4. The information processing apparatus according to claim 2, further comprising
an utterer feature amount estimation unit that estimates a feature amount related to an utterer,
wherein the voice quality conversion unit includes an encoder and a decoder.
5. The information processing apparatus according to claim 4, wherein
the feature amount related to the utterer is a feature amount corresponding to a feature that does not change with time,
the encoder extracts, from an input vocal signal, a feature amount corresponding to a feature that changes with time, and
the decoder generates a vocal signal on a basis of the feature amount estimated by the utterer feature amount estimation unit and the feature amount extracted by the encoder.
6. The information processing apparatus according to claim 5, wherein
the feature amount corresponding to the feature that does not change with time is utterer information, and
the feature amount corresponding to the feature that changes with time includes at least one of sound pitch information, volume information, or speech information.
7. The information processing apparatus according to claim 6, wherein
the feature amount is defined by an embedding vector.
8. The information processing apparatus according to claim 7, wherein
the encoder extracts an embedding vector of the feature amount corresponding to the feature that changes with time by using a learning model obtained by performing learning for obtaining an embedding vector from a feature amount reflecting only a specific feature or learning for extracting only a specific feature from a vocal signal.
9. The information processing apparatus according to claim 6, wherein
the utterer feature amount estimation unit estimates the feature amount of the utterer by using a learning model obtained by learning for estimating utterer information of a predetermined utterer on a basis of a vocal signal of the utterer.
10. The information processing apparatus according to claim 6, wherein
the utterer feature amount estimation unit estimates the feature amount of the utterer by using a learning model obtained by learning for estimating utterer information of the utterer on a basis of a predetermined vocal signal.
11. The information processing apparatus according to claim 4, wherein
the utterer feature amount estimation unit includes a first utterer feature amount estimation unit and a second utterer feature estimation unit,
the information processing apparatus further comprising a feature amount combining unit that combines a feature amount related to the utterer estimated by the first utterer feature amount estimation unit and a feature amount related to the utterer estimated by the second utterer feature estimation unit.
12. The information processing apparatus according to claim 11, wherein
the first utterer feature amount estimation unit estimates the feature amount related to the utterer on a basis of a vocal signal for a predetermined time or more, and the second utterer feature amount estimation unit estimates the feature amount related to the utterer on a basis of a vocal signal for a time shorter than the predetermined time.
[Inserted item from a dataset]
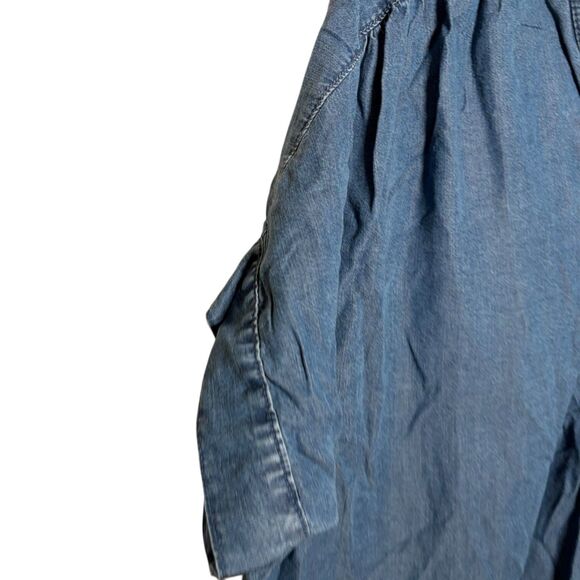 Ruby Rd Blouse Women's Petite Large Blue Popover Chambray Short Sleeve Tie Top - Picture 4 of 10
13. The information processing apparatus according to claim 11, wherein
a combining coefficient in the feature amount combining unit is changed in accordance with a similarity between the first vocal signal and the second vocal signal.
14. The information processing apparatus according to claim 13, wherein
the combining coefficient is a weight for each of the feature amount related to the utterer estimated by the first utterer feature amount estimation unit and the feature amount related to the utterer estimated by the second utterer feature amount estimation unit.
15. An information processing method comprising
performing, by a voice quality conversion unit, sound source separation of a vocal signal and an accompaniment signal from a mixed sound signal and performing voice quality conversion using a result of the sound source separation.
16. A program for causing a computer to execute an information processing method including
performing, by a voice quality conversion unit, sound source separation of a vocal signal and an accompaniment signal from a mixed sound signal and performing voice quality conversion using a result of the sound source separation.